[Provided data]

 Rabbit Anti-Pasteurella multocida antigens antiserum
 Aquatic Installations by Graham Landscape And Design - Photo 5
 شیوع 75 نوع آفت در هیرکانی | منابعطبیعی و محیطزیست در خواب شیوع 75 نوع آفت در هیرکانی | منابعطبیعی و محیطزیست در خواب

[/Provided data]
[Provided data]

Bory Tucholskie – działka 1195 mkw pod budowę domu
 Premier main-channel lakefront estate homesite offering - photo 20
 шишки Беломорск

[/Provided data]

Please copy the lines above from the line with "Premier main-channel lakefront" up to and including the line with "шишки Беломорск", exactly as written and with nothing else.

Answer to the exercise
 Premier main-channel lakefront estate homesite offering - photo 20
 шишки Беломорск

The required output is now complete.